**SUPPLIED RECORDS**

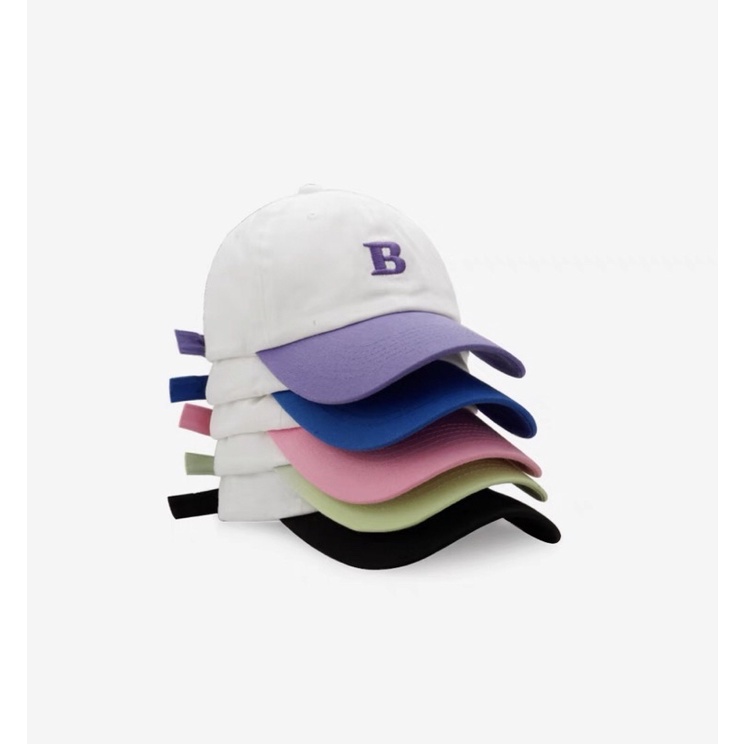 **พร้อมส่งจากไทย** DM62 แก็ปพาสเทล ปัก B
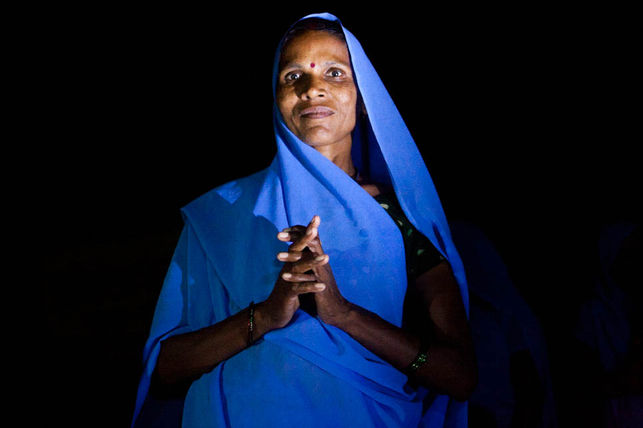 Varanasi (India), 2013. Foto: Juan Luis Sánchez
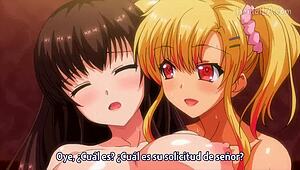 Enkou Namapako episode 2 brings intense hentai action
* * *
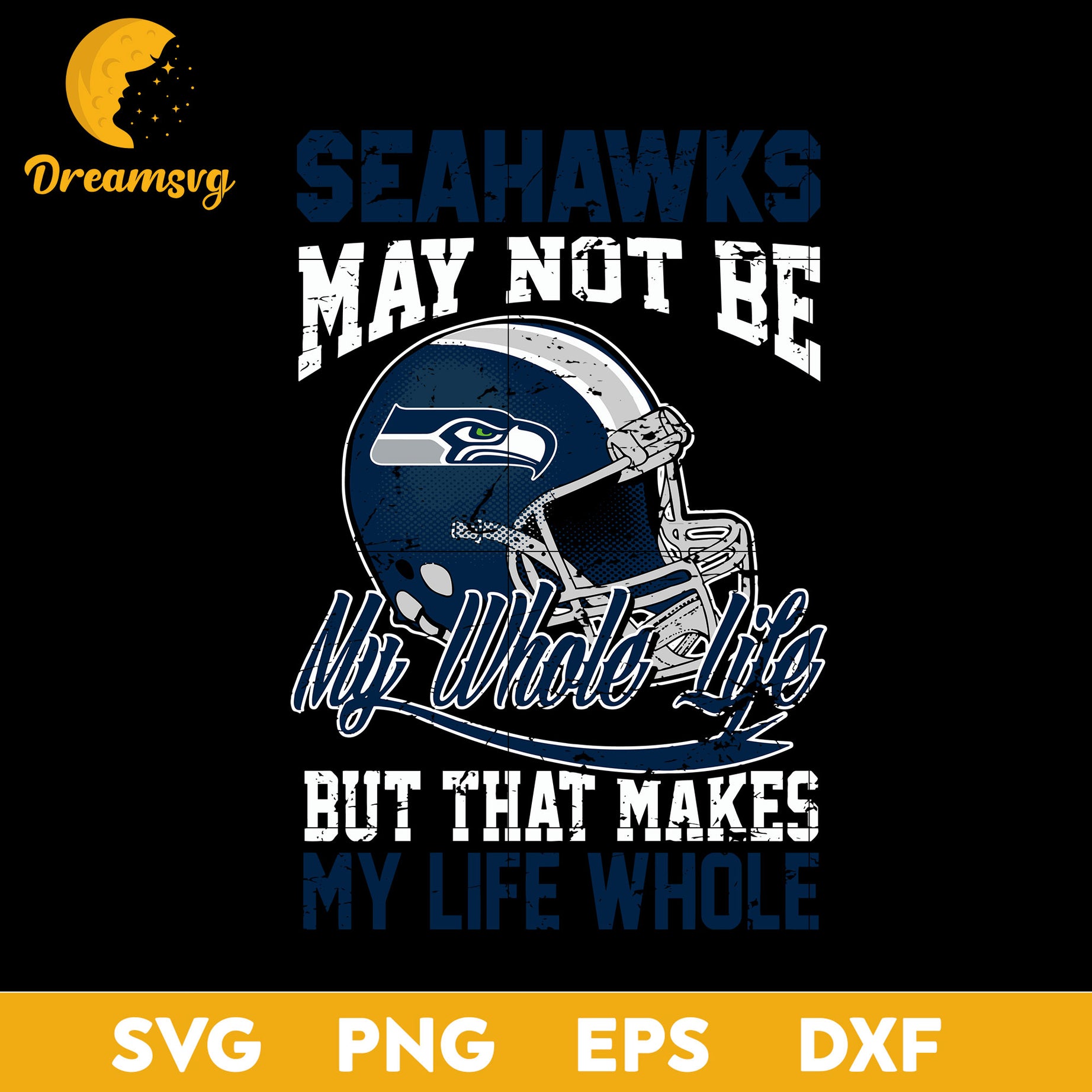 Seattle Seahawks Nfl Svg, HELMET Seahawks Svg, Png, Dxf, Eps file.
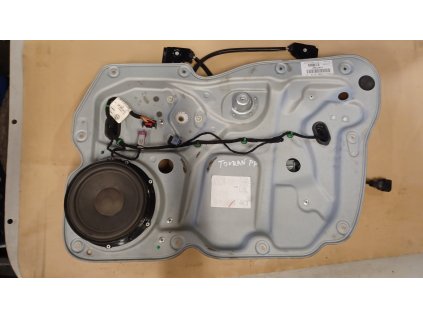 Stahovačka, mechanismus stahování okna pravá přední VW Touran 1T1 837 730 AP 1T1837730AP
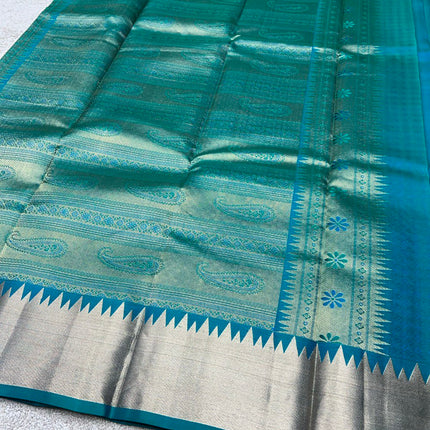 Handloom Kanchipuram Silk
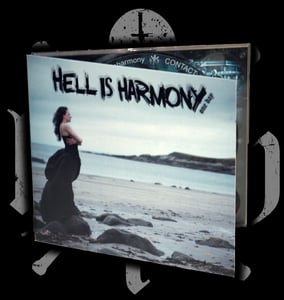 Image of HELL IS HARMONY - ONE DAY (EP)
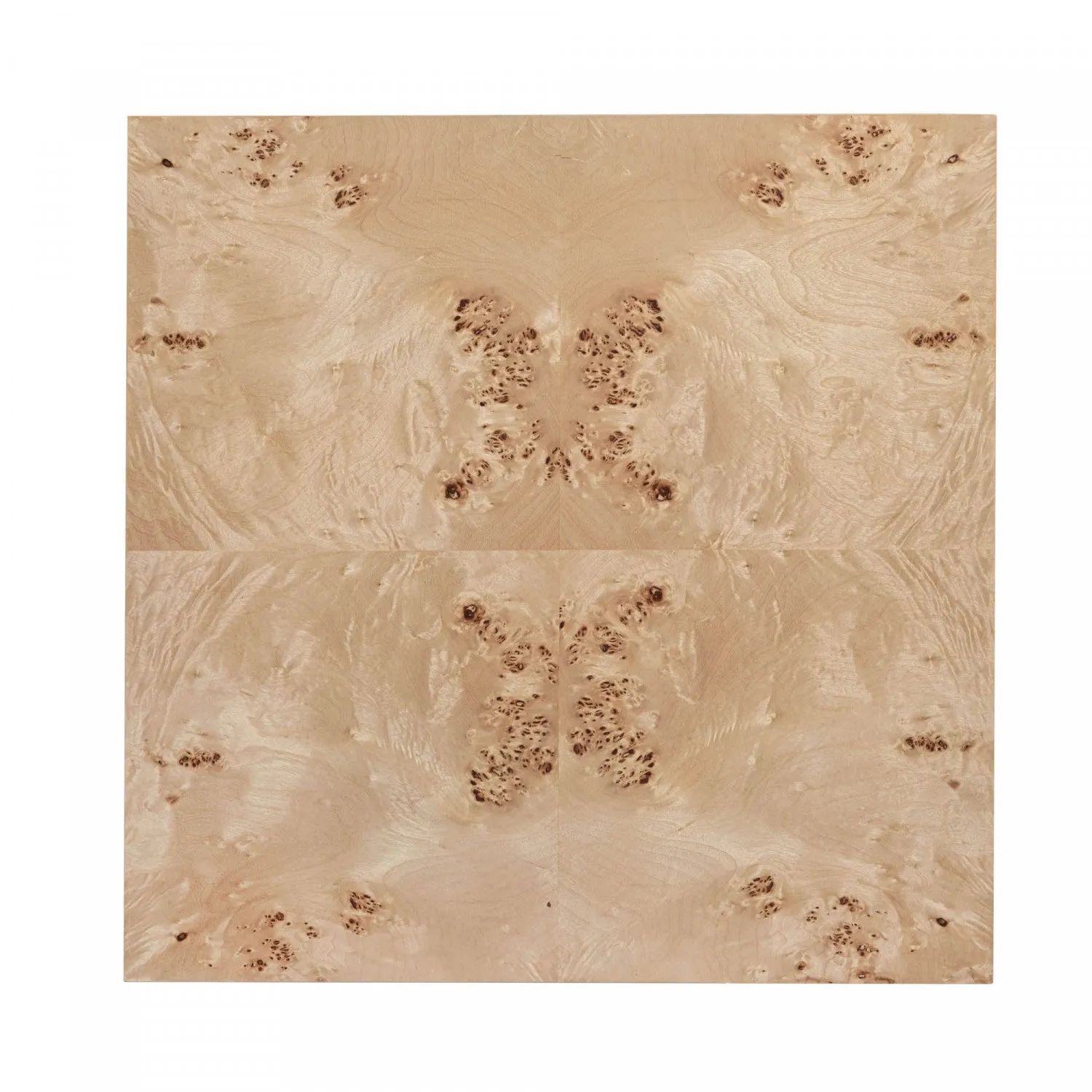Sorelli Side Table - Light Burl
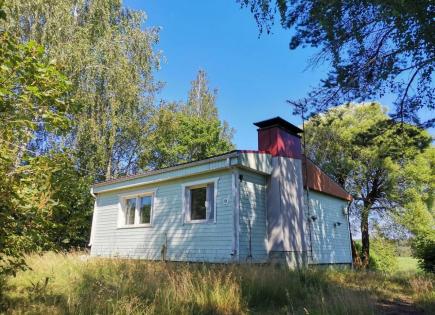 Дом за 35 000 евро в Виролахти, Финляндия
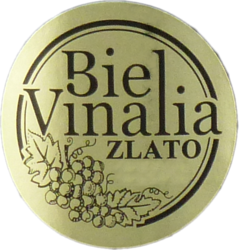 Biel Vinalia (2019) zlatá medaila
...
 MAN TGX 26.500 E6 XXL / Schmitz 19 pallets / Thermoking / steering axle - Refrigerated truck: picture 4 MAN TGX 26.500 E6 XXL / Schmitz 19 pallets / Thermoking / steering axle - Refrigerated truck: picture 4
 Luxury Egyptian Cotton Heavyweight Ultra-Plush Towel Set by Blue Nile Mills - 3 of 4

**THE TASK**
Copy exactly, without pictures, the lines above from the one with "แก็ปพาสเทล ปัก B" down to the one with "Enkou Namapako episode", inclusive.

**EXERCISE ANSWER**
 **พร้อมส่งจากไทย** DM62 แก็ปพาสเทล ปัก B
 Varanasi (India), 2013. Foto: Juan Luis Sánchez
 Enkou Namapako episode 2 brings intense hentai action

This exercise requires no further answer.